King Gizzard & The Lizard Wizard

ATO Records  |  2016
10 / 10
par Pierre  |  le 31 mai 2016

Il semble que le le rock ne fasse plus bander grand monde en 2016. Aujourd'hui plus proche de l’argument marketing que du mouvement subversif, il n’a pourtant jamais été aussi présent dans notre quotidien, de ses hymnes éructés à chaque match de football aux publicités martelées sans trêve à la télévision. Le rock serait devenu l’apparat des nostalgiques, une sorte de babiole sympathique devenue totalement obsolète.
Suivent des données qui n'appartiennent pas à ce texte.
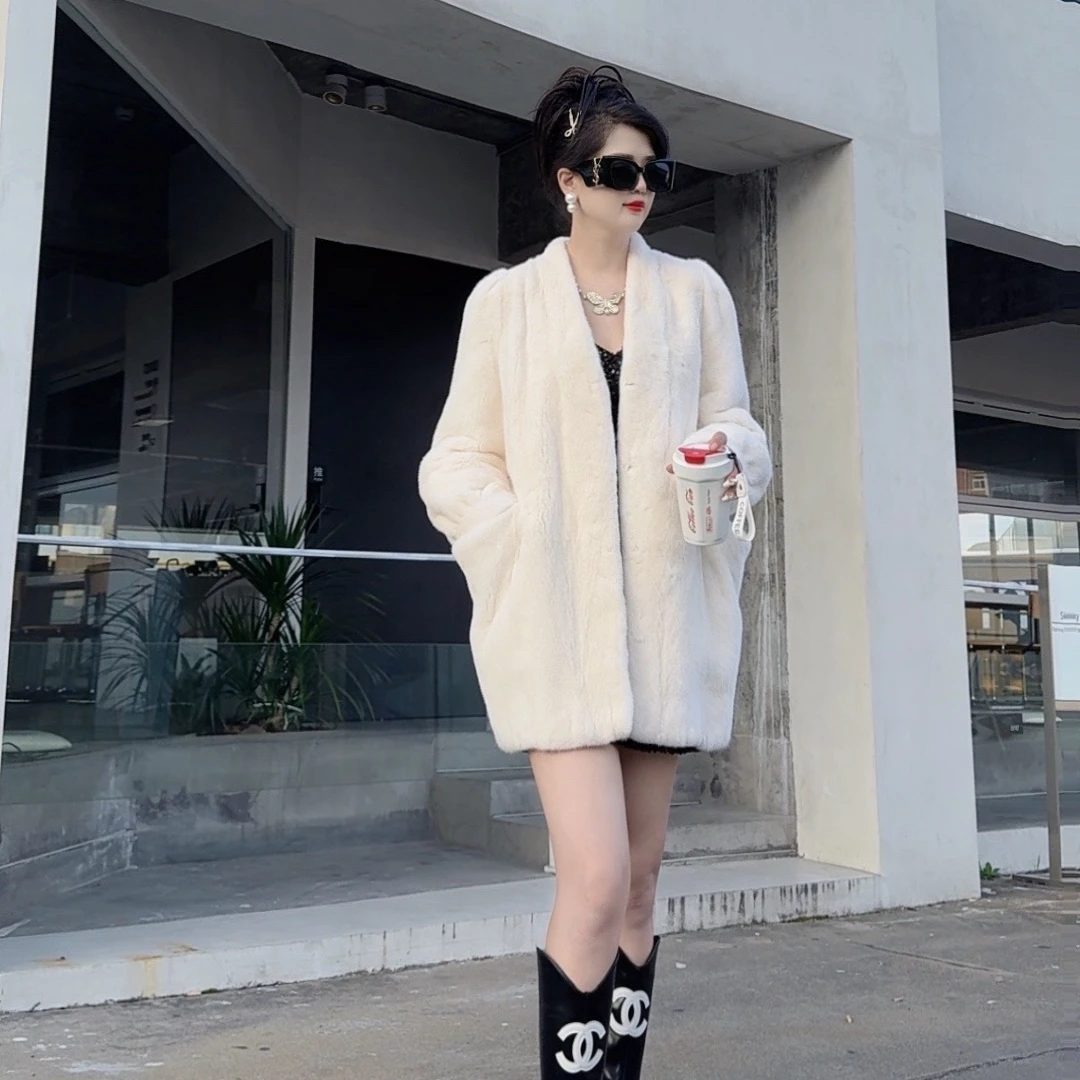 海梦缘新款水貂时尚女装百搭款外套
Mais nul n’est plus sourd que celui qui ne veut pas entendre. De ce fait, une bonne partie de la sphère musicale s’obstine à taire les mérites d’un nouvel âge d’or du rock sous prétexte que celui-ci est par essence révolu. Pourtant, soyons clairs : la scène psyché actuelle n’a rien à envier au San Francisco des années 60. 

Derrière cette logorrhée triviale se cache une nette vérité : King Gizzard & The Lizard Wizard vient de publier discrètement un des tout meilleurs albums de rock psychédélique des dernières décennies, et n’a rien d’un simple épigone du Jefferson Airplane ou autres demi-dieux lysergiques. Avec la place vacante depuis les dérives synthétiques mollassonnes de Tame Impala, les sept Australiens sont devenus en quelques années les porte-étendards d'une scène en plein renouveau. Nonagon Infinity d’ailleurs, est à placer non loin du Lonerism de leurs compatriotes, c’est-à-dire au rang des chefs-d’œuvre, tout simplement.

Après quelques chemins de traverse empruntés sans égarement sur les deux précédents albums, le lézard australien revient ici à sa formule phare, celle d’I’m In Your Mind Fuzz, soit un brûlot infernal dégraissé à l’acide, empruntant autant au rock garage qu’au kraut et au thrash. Comment ne pas faire le parallèle entre ces deux albums: KG&LW s’amuse à l’auto-citation tant sur la forme (la pochette) que sur le fond - n’est-ce pas une mesure de "Hot Water" que l’on distingue sur "Robot Stop" ? Or cette fois-ci, le concept est exploité à fond, grignoté jusqu’à l’os. 

Nonagon Infinity ou l’allégorie de l’enfer, de ses tourments et de son impossible évasion. Car bien que neufs titres soient en effet présents sur les notes de pochette, l’album n’est en réalité qu’une seule et même suite musicale infinie, renouvelable sans interruption. D’une violence à faire passer certains métalleux pour des petits rats de l'Opéra, Nonagon Infinity expérimente 45 minutes durant les variations d’un même motif, semant dans ce labyrinthe monolithique le meilleur du rock psychédélique. Et si l’on observe bien quelques éclaircies , celles-ci ne sont que prétextes à de plus violents orages, comme l’espoir d’un esprit damné rapidement rattrapé par la réalité de l’impitoyable brasier.

Louis-Ferdinand Céline écrivait : "Après tout, pourquoi n'y aurait-il pas autant d'art possible dans la laideur que dans la beauté ?"  Tout Nonagon Infinity est là : de l’art dans la crasse, de la beauté dans la violence et du raffinement dans le redoutable. Et si Nonagon Infinity s’apparente volontiers aux neuf cercles de l’Enfer, ne nous y méprenons pas : nulle échappatoire vers le Paradis ici, seulement la promesse d’une ombre infinie.